8066103: C2's range check smearing allows out of bound array accesses

Wed Dec 3 22:55:52 UTC 2014

On Dec 3, 2014, at 1:13 PM, Roland Westrelin <roland.westrelin at oracle.com> wrote:
> …
>> Isn't this statement always a no-op?
>>  +  adjust_check(rc0.ctl, range1, index1, flip1, off_lo, igvn);
>> I see that it reproduces the previous behavior, so it's OK.  As far as I can see, the main point of this path in the code is that the IfNode can idealize to a dominating duplicate test, just as if it were not a special range check.  Is that true?
> 
> It’s true it’s a no-op so I removed it.
> 
>> If that's true, perhaps the search loop should just record (outside of the prev_doms array) the shallowest exact match for the current node.  Then, if the range check smearing logic fails to work, the Ideal method can simply return the exact match.
>> 
>> In any case, the associated comment "Valid only if there's a single dominating range check" makes me nervous, since it's possible that there are other dominating range checks which we simply failed to find (due to the search cutoff of 999).  If there is a real change to make (if it's not a no-op), we should disable the change if the loop hit 999.
> 
> The comment must be misleading. I reworded it. What we want is that there’s no other range check between the range check that we’re calling Ideal on and the top range check that is identical. Otherwise something like 8048170 (that you reviewed yesterday as well) could happen.

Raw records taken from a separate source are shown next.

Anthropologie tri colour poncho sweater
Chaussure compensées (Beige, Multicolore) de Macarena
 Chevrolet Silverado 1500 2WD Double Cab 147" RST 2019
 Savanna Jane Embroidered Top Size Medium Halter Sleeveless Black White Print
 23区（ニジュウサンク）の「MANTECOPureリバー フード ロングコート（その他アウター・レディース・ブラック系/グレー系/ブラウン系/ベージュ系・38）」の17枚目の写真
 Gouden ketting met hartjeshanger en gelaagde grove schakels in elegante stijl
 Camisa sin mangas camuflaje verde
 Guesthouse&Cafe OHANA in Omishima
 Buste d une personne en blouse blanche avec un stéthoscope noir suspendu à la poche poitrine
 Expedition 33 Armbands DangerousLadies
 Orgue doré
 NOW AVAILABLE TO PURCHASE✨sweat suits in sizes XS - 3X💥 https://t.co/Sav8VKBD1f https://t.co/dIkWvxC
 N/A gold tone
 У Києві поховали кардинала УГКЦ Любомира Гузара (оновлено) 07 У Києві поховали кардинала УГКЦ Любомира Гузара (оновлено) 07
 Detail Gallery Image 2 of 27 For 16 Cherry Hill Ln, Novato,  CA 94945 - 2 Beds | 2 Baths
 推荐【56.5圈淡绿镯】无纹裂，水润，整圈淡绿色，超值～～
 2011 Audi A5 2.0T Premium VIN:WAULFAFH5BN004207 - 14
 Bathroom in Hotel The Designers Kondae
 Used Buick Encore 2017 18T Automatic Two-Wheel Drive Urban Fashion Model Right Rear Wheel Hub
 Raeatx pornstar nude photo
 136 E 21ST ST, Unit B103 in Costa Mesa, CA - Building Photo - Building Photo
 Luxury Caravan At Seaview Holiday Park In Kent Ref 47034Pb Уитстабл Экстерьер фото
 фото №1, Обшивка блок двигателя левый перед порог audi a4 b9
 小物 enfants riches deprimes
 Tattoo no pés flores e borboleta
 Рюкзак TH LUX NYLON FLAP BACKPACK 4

That's the part I was missing, and comment explains the problem much better.

Let me suggest a further tweak to your comment:

+           // If we match the test exactly, then the top test covers
+           // both our lower and upper bounds. Valid only if there's no
+           // other range check between us and the top test.
+           // Given Bottom -dom-> Middle… -dom->  Top, with
+           // us at the bottom, we can't float up past any middle
+           // checks, because for all we
+           // know our range check was widened and accesses that
+           // depend on it also depend on the middle range checks to
+           // be correct.

Also, now that I understand it better, I think that logic sometimes applies to the nb_checks==2 case
where you currently return NULL, and I think the "replace immediate" logic should precede
all nb_checks tests except nb_checks==0:

+     if (index1) {
!       RangeCheck rc0 = prev_checks[chk0];
+       if (nb_checks == 1) {
+         if (rc0.ctl->in(0)->in(1) == in(1)) {
+           // If we match the test exactly … be correct.
+           prev_dom = rc0.ctl;
+         } else {
+           return NULL;
          }
-        // Test is now covered by prior checks, dominate it out
-        prev_dom = prev_chk2;
        } else {

==>

+     if (index1) {
!       RangeCheck rc0 = prev_checks[chk0];
+       if (rc0.ctl->in(0)->in(1) == in(1)) {
+         // If we match the test exactly … be correct.
+         prev_dom = rc0.ctl;
+       } else if (nb_checks == 1) {
+           return NULL;
         } else {

That is, do the dance with hi/lo and three range checks, but before that happens prefer to merge back-to-back identical tests.  That will catch cases like "a[i+8] += (expr);" where the bytecodes include two range checks that might be separated.  It would also make the logic of nb_checks==1 less mysterious, and less obviously buggy with respect to search failures (the 999 problem).  (…Or am I missing another point here?)

As we saw with the other bug, interchanging 'if'-order is a tricky business, and RC smearing makes it harder.  I think our IR doesn't serve us as well as it could here, because there is no way to pin the control of a node to two or more control inputs:  You can pin only to zero or one.  But after performing RC smearing, what you really want is for the elided RC's dependents to depend on the both rc1 and rc2, simultaneously.  If that were expressible, then the 'if'-reordering optimizations later on would be able to correctly place the dependent code.  Not that we can do it in C2, but if we were to reverse the order of control edges (as Graal does) it would be more natural to express multi-control placement (at the expense of other things, naturally).

> if i <u array.length then uncommon trap
> x = array[i]
> 
> // some stuff that blocks range check smearing
> 
> if i-1 <u array.length then uncommon trap
> x = array[i-1]
> if i-3 <u array.length then uncommon trap
> x = array[i-3]
> if i <u array.length then uncommon trap
> x = array[i]
> if i-2 <u array.length then uncommon trap
> x = array[i-2]
> 
> Assuming the second series is optimized:
> 
> if i <u array.length then uncommon trap
> x = array[i]
> 
> // some stuff that blocks range check smearing
> 
> if i-1 <u array.length then uncommon trap
> x = array[i-1]
> if i-3 <u array.length then uncommon trap
> x = array[i-3]
> if i <u array.length then uncommon trap
> x = array[i]
> x = array[i-2]
> 
> and now if the stuff that blocks range check smearing is optimized out and if i <u array.length is processed we would end up with:
> 
> if i <u array.length then uncommon trap
> x = array[i]
> x = array[i-2]
> 
> if i-1 <u array.length then uncommon trap
> x = array[i-1]
> if i-3 <u array.length then uncommon trap
> x = array[i-3]
> 
> And we can do an out of bound array access.

That is the best explanation I've seen yet of how these bugs work.  Would you mind attaching it (verbatim, if you wish) to JDK-8066103?

> So the cut off at 999 is not a problem here. The problem is that we can’t substitute a range check for another identical one if there are range checks in between.

Excellent.

— John